# Zombie knives



## fr3db3ar (Aug 6, 2011)

https://www.huntingclub.com/inside-track/exclusive-deals/5-zombie-throwers-and-glow-in-the-dark-target.aspx

LMAO


----------



## youngdon (Mar 10, 2010)

LOL
Under benefits and features they forgot a few things...Like frequent trips to the emergency room......well ventilated walls.....


----------



## Weasel (Jun 18, 2012)

I'm thinking that anybody that would buy that probably shouldn't be playing with sharp objects.


----------



## Rick Howard (Feb 25, 2012)

You posted this just for Mike didn't you? lol


----------



## 220swift (Mar 2, 2011)

you guys just want to see my head explode don't you...............







lol


----------



## Rick Howard (Feb 25, 2012)

I am just instigating...


----------



## Hellbilly1373 (May 12, 2012)

A glow in the dark target?
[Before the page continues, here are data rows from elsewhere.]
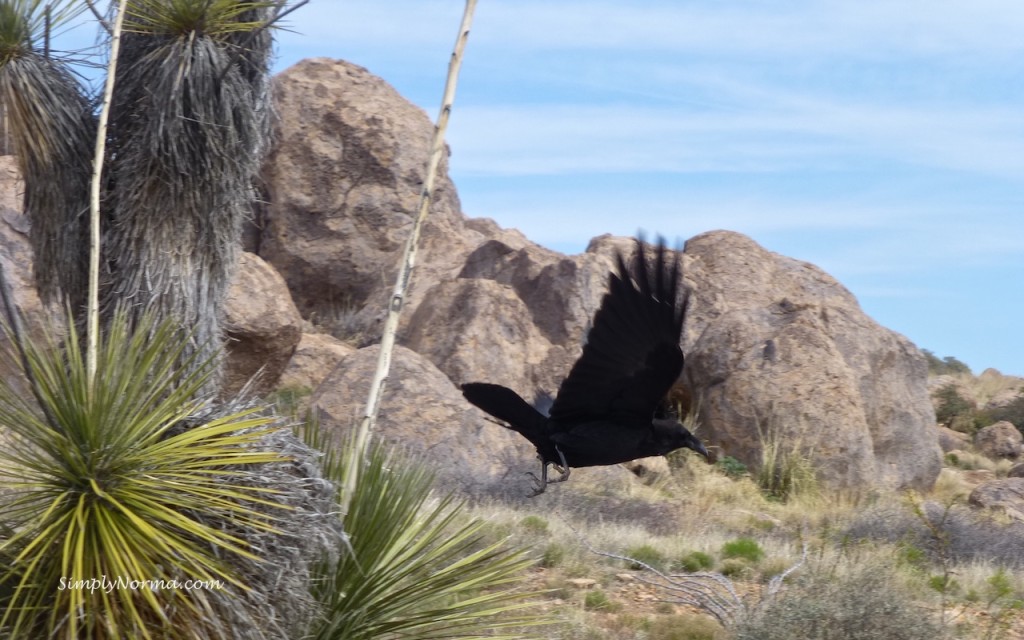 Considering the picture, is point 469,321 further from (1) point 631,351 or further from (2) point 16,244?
(1) point 631,351

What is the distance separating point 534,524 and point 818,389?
261 inches

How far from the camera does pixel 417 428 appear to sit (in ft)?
41.9

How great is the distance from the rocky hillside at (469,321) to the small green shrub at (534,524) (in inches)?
76.8

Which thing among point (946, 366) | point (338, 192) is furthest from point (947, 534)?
point (946, 366)

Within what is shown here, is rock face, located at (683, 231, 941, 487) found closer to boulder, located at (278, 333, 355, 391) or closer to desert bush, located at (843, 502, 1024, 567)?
desert bush, located at (843, 502, 1024, 567)

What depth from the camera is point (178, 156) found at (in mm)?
8023

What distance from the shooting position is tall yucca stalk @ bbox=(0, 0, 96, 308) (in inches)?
293

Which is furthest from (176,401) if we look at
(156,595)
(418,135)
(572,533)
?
(418,135)

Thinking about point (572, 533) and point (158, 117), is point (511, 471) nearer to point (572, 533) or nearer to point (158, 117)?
point (572, 533)

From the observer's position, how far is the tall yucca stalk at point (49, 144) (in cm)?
743

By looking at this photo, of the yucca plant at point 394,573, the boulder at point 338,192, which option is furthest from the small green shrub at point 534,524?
the boulder at point 338,192

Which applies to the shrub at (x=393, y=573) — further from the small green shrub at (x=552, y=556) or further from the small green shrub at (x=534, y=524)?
the small green shrub at (x=534, y=524)

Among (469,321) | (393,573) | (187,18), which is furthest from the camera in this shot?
(469,321)

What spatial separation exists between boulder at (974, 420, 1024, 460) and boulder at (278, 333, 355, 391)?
1283cm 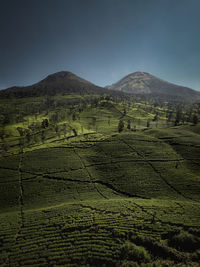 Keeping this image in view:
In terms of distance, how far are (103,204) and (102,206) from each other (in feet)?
4.38

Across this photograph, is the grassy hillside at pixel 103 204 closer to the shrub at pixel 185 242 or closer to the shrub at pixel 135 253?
the shrub at pixel 185 242

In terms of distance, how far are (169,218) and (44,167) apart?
59572 millimetres

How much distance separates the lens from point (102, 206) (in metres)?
38.5

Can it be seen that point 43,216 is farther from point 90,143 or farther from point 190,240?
point 90,143

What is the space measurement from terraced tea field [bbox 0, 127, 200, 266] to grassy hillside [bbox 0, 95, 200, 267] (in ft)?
0.62

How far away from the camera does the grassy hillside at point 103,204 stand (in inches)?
994

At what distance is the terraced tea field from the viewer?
25.2 m

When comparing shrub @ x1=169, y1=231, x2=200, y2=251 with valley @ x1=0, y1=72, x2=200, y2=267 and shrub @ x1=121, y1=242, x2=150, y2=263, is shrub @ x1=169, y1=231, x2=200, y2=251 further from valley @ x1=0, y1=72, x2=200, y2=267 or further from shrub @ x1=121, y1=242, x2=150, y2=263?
shrub @ x1=121, y1=242, x2=150, y2=263

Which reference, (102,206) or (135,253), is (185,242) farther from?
(102,206)

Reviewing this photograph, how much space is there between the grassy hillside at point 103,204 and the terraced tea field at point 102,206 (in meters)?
0.19

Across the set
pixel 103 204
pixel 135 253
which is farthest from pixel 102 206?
pixel 135 253

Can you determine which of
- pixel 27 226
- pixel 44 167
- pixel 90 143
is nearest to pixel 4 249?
pixel 27 226

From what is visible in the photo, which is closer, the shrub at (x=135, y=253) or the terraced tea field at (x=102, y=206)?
the shrub at (x=135, y=253)

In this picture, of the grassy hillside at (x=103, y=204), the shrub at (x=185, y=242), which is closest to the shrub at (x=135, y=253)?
the grassy hillside at (x=103, y=204) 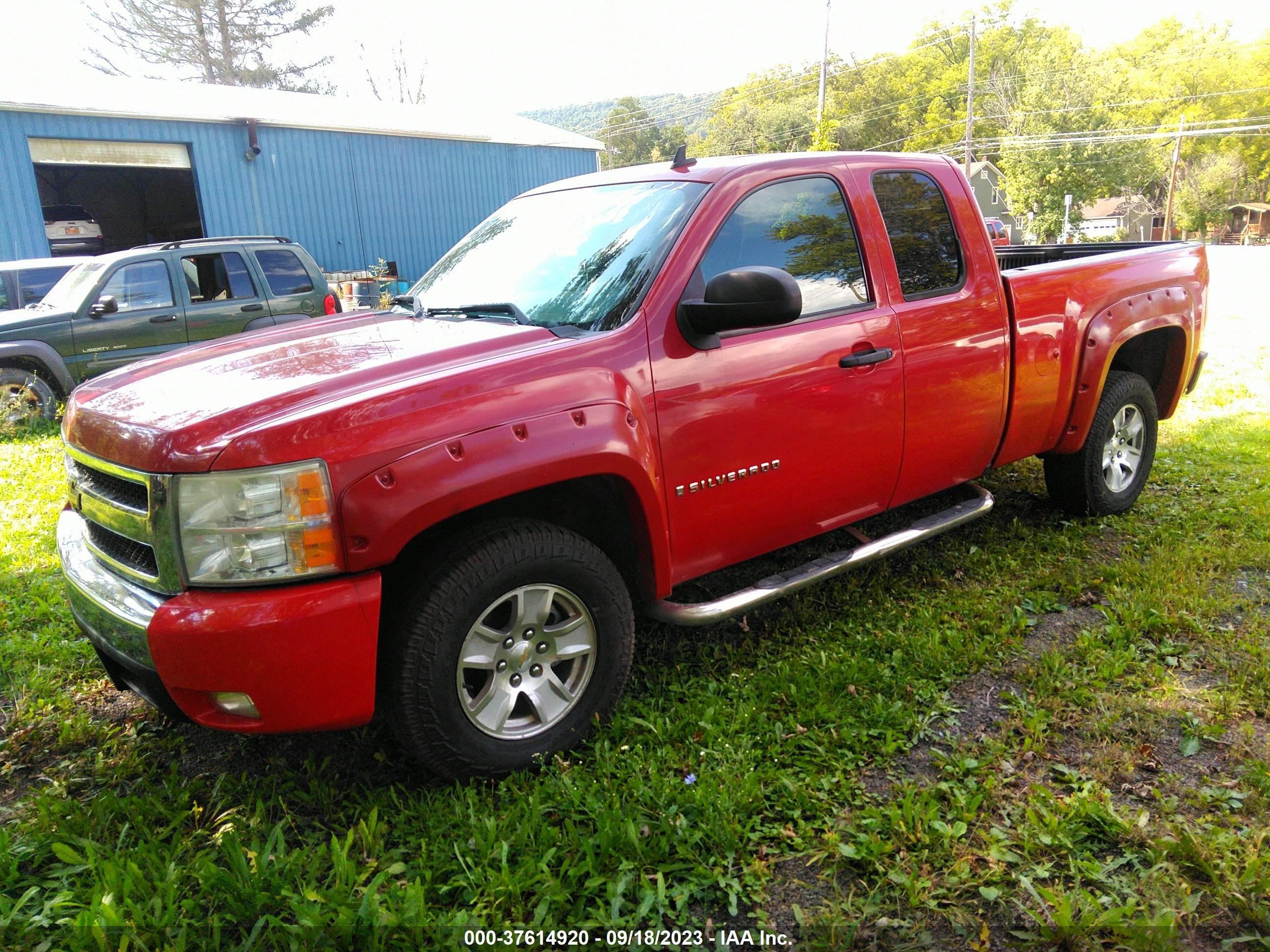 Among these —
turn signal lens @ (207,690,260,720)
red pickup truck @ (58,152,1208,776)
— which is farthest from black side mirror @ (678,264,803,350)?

Sounds safe to throw knives in the dark.


----------



## fr3db3ar (Aug 6, 2011)

The target is to hang on the ceiling of your kids bedroom and scare the crap out of them LOL


----------



## 220swift (Mar 2, 2011)

fr3db3ar said:


> The target is to hang on the ceiling of your kids bedroom and scare the crap out of them LOL


now that I would do (grandkids for me).......lol


----------